O final da história nos faz refletir sobre o passar do tempo e nossa condição humana perante isso, nossa sensação de fragilidade perante a morte e a possibilidade de uma imortalidade ou eternidade das nossas “vozes” nos “fragmentos” ou lembranças que deixamos em objetos, ações entre outras coisas.

Mas não reproduzo, aqui, o trecho final pelo motivo de não “estragar a surpresa” ou de direcionar demais a interpretação que é muito pessoal. Deste modo convido os leitores a se deliciarem com a leitura deste conto de Elizabeth Bishop e deixarem “passar novamente por seus “corações” as memórias das paisagens familiares.

* Faço uso da primeira tradução para língua portuguesa (pasmem! ) feita em 2009  pela EDUFBA uma editora universitária a partir de um trabalho de um grupo de Pesquisa Tradução, Processo e Criação e Mídias Sonoras (PRO.SOM) coordenado pela Profa Dra.

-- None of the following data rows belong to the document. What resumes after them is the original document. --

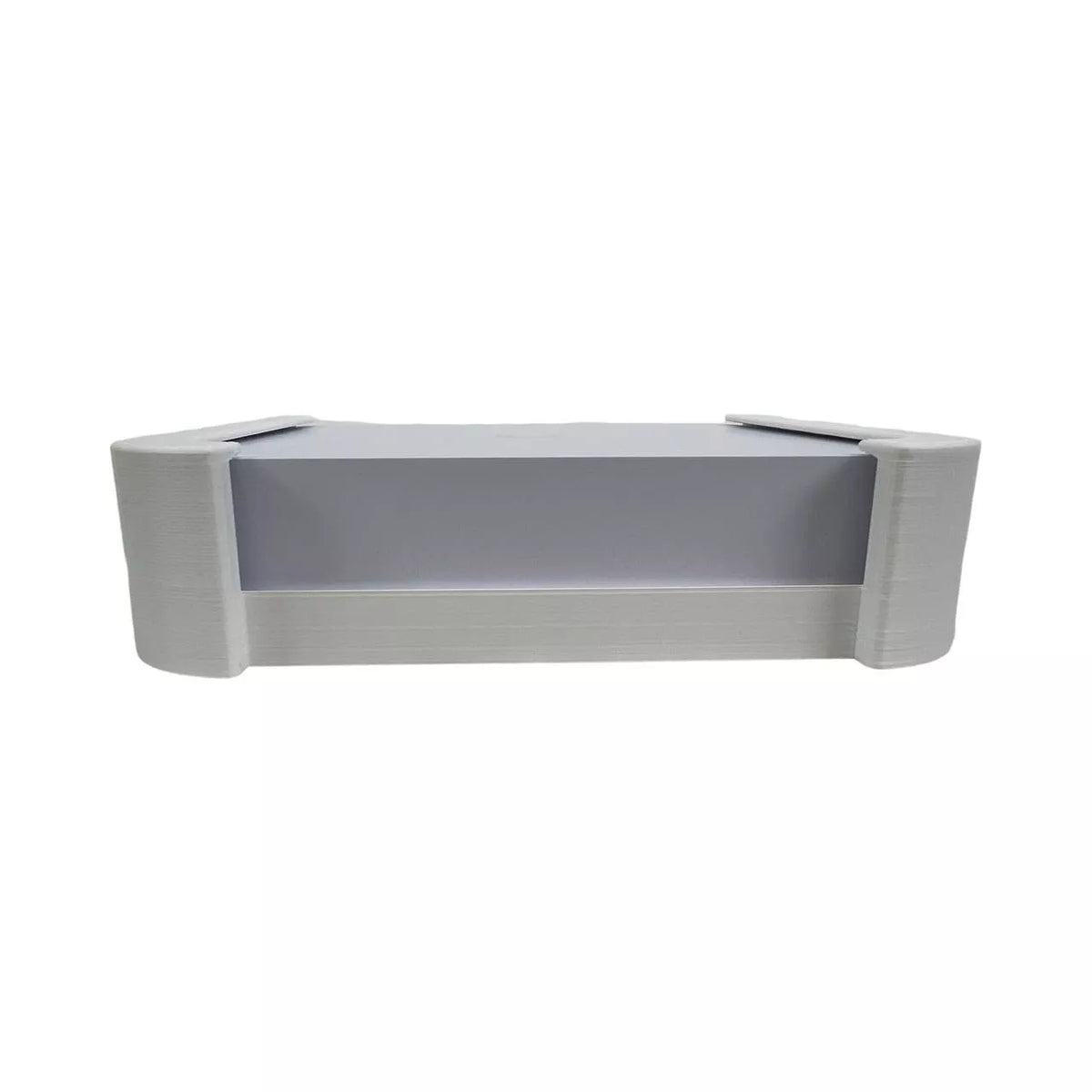 Wall Mount For Unifi Cloud Gateway Ultra & Ubiquiti Max UXG-Max  | UCG Ultra | UXG-Max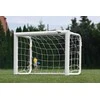 YakimaSport MINI PRO aliuminio vartai 120 cm x 80 cm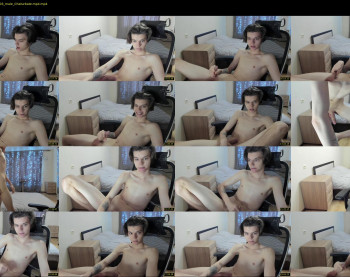 guy_liam1 — 34 minute Chaturbate male cam show recording, 1080p, Dec 12, 2022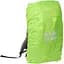 Рюкзак Skif Outdoor Highlander 60L (1013-389.02.62) - мініатюра 2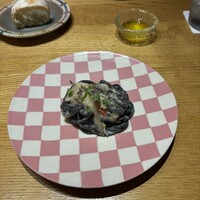 祇をん 段ばた - 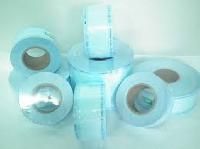 Sterilization Rolls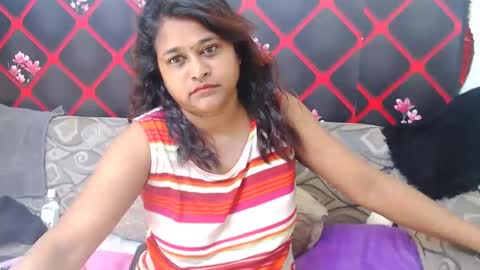 glitter candy online show from 03.08.25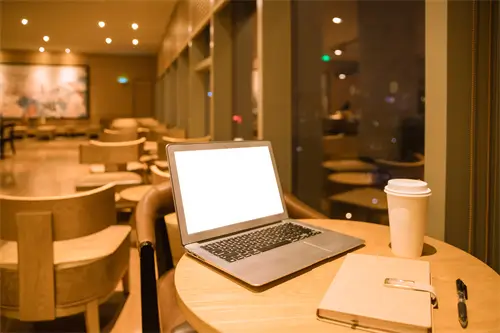 西南大学陶畅简介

Sílvia Maria Guerra Anastácio da UFBA. Trabalho de professores e estudantes de iniciação científica de inglês e alemão e contou com parceria de professores e alunos da Escola de Teatro da UFBA.  Assim, foi produzido um livro impresso com um objeto digital, um audiolivro, com leitura dramatizada; e outra em versão MECDaisy, com uma leitura branca  para pessoas com deficiência visual.